Mohon tunggu...
Cecilia
Cecilia Mohon Tunggu... Mahasiswa - Mahasiswa

Life is what happens to you while you scroll through Kompasiana :)

Selanjutnya

Tutup

Ilmu Sosbud Pilihan

Kompotensi Diri Menghadapi Tantangan Pembangunan dengan Pendekatan Kemitraan Multi Pihak (Sebuah Refleksi Pengalaman Pribadi)

4 Oktober 2023   22:57 Diperbarui: 4 Oktober 2023   23:10 233
+
Laporkan Konten
Laporkan Akun
Kompasiana adalah platform blog. Konten ini menjadi tanggung jawab bloger dan tidak mewakili pandangan redaksi Kompas.

Sebagai seorang muda, saya memiliki cita-cita mengikuti ilmu komunikasi yang saya ambil UAJ Yogyakarta sebagai kekuatan intelektual dan learning path saya ke depan.

Dalam pengalaman saya 2 pekerjaan setelah selesaikan study saya di UAJY beberapa tahun lalu, saya merasakan betapa ilmu komunikasi secara teoritis membantu saya dalam 2 penugasan saya sebagai petugas lapangan (field officer) yang terkoneksi secara langsung dengan masyarakat sebagai klien saya. Berikut, saya ingin menjelaskan 2 pekerjaan yang relative mirip , namun secara kultural dan perilaku yang  (dari sudut pandang klien berbeda). Sedangkan pengalaman saya yang lain agak berbeda.

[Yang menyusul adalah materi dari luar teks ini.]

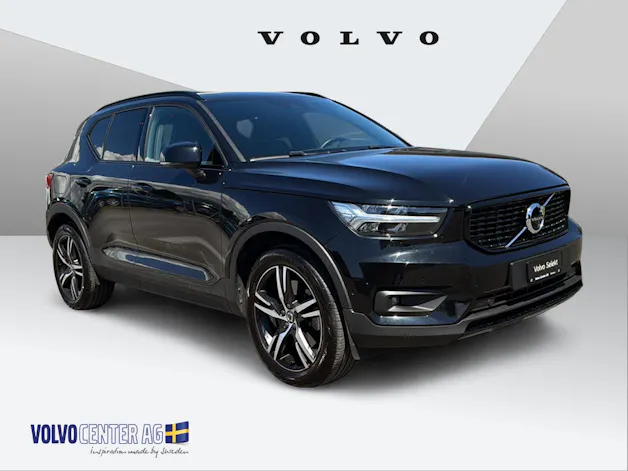 Volvo XC40 1.5 T5 PiH R-Design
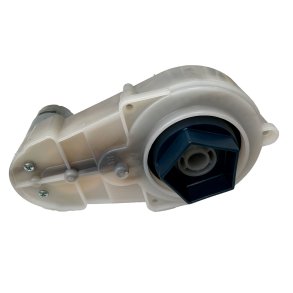 Gearbox med motor til Outlaw +Ranger 538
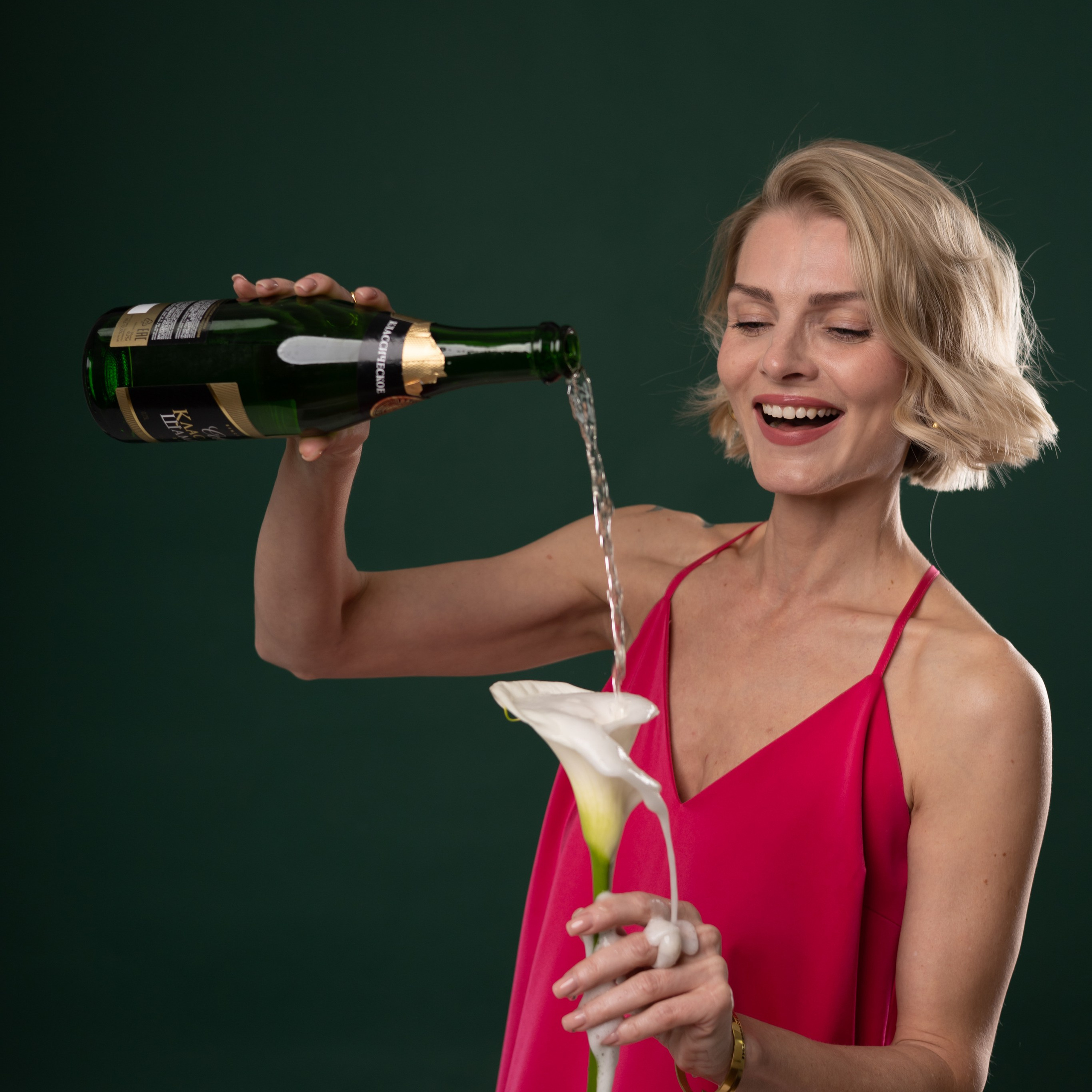 Личная фотосессия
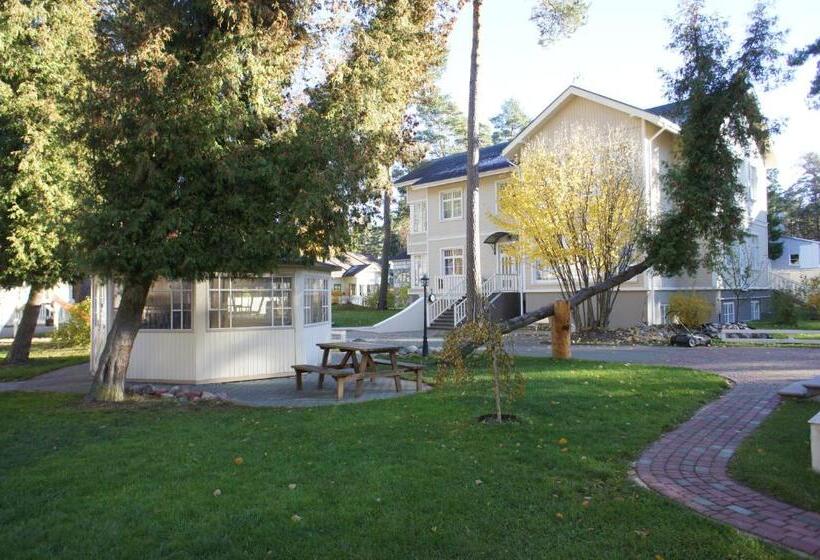 호텔 Amber Coast & Sea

 FIELD OFFICER pada Program Technical Support for the Implementation of Mass Drugs Administration with Triple Drugs Ivermectin, Diethylcarbamazine, and Albendazole (IDA) in Sumba Barat Daya District, East Nusa Tenggara - 2020.

Dokumentasi Pribadi
Dokumentasi Pribadi

Program ini merupakan sebuah survei terhadap efektitivitas  pemberian Triple Dugs secara masal selama kurang lebih 5 putaran pengobatan dalam 5 tahun (2017-2021) di daerah Endemic Lymphatic Filariasis (penyakit kaki gajah) Kabupaten Sumba Barat Daya.  

Survei ini didanai oleh WHO bekerja sama dengan Dinas Kesehatan Provinsi Nusa Tenggara Timur,  dan Dinas Kesehatan Kabupaten Sumba Barat Daya, serta LSM Wijaya Kusuma sebagai implementor proyeknya. Ini merupakan pengalaman pertama saya bekerja dengan target waktu ketat, sasarannya adalah masyarakat desa dalam budaya dan latar belakang pendidikan yang berbeda.

Pengumpulan Data Sunting di Kabupaten Timor Tengah Utara, Nusa Tenggara Timur

Sebagaimana diketahui isu stunting merupakan isu nasional yang kini menjadi program priositas nasional dan regional (provinsi dan kabupaten/kota) di Indonesia. Nusa Tenggara Timur adalah salah satu provinsi dengan angka stunting tertinggi di Indonesia. Program ini menjadi program semua kabupaten/kota se- Nusa Tenggara Timur. Keterlibatkan berbagai aktor pemerintah, aktor non pemerintah (donor, LSM, PT/Akademisi) yang mengentas stunting sangat massive.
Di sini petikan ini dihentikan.